VALDOSTA -- Monday night, members of the Valdosta Board of Education voted unanimously to support a reauthorization of all federal child nutrition programs.

Valdosta City School System Superintendent Sam Allen recommended board members sign a resolution urging legislators to eliminate the reduced price school meals programs and to provide free meals for all children with family incomes below 185 percent of the federal poverty level. Reduced price meals are currently offered in participating schools to children with family incomes between 130 percent and 185 percent of the federal poverty level.

"We need to join with other school systems in Georgia to show our support for free lunches," Allen said.

According to the Georgia Department of Education's 2001-02 Georgia Public Education Report Card, 63.8 percent of the Valdosta City School Systems' students are eligible for free or reduced price lunches. Many families in the reduced price income category find it difficult to pay the reduced price free, which in the Valdosta City School System is 30 cents. This is corroborated by evidence that reduced price participation declines toward the end of the month.

In the Valdosta City School System, a full price meal in grades kindergarten through fifth is 75 cents. In grades sixth through 12th, a full price meal costs $1.

The proposed reauthorization would amend the Richard B. Russell National School Lunch Act and phase out reduced price lunches and breakfasts, which are free to all students in the Valdosta City School System, by phasing in an increase in the income eligibility guidelines for free lunches and breakfasts nationwide.
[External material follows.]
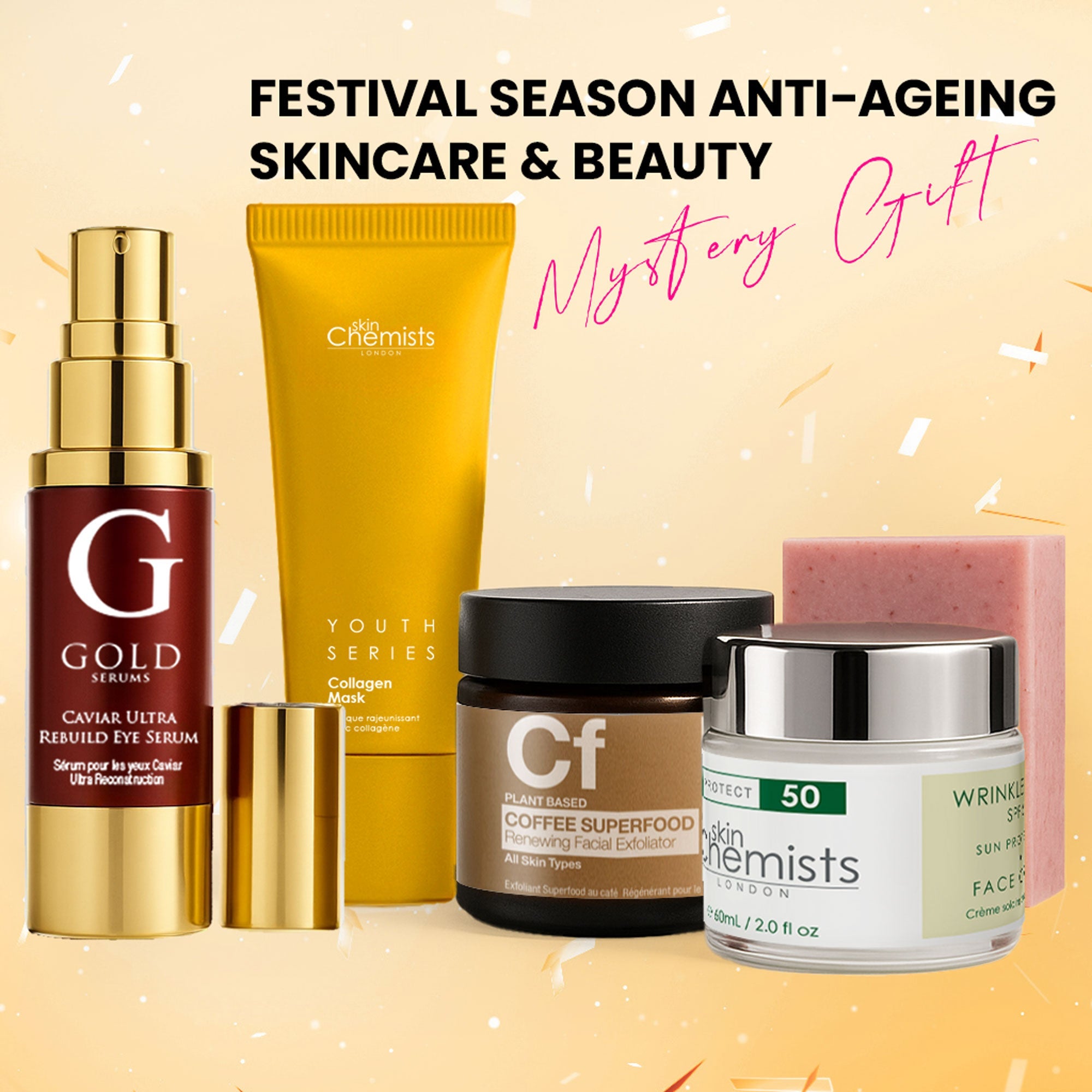 Überraschungsbox mit Anti-Aging-Hautpflege und Beauty-Produkten für die Festivalsaison
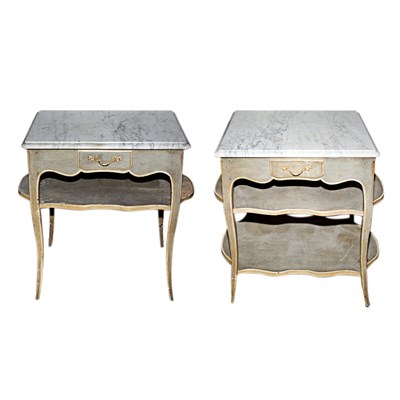 Lot 249 - Two Louis XV Style Marble Top Painted Side...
On July 31, Sen. Elizabeth Dole (R-N.C.) and Sen. Pat Roberts (R-Kan.) introduced a bill into Congress that seeks to accomplish just that. The two stressed that children in the reduced price category come from families that may be classified as the working poor, which may include welfare to work families who are improving their economic conditions slowly. They further supported their proposal by stating that the WIC program provides free benefits to nutritionally at risk women and children to age 5 in households with incomes at 185 percent or less of the U. S. poverty income guidelines.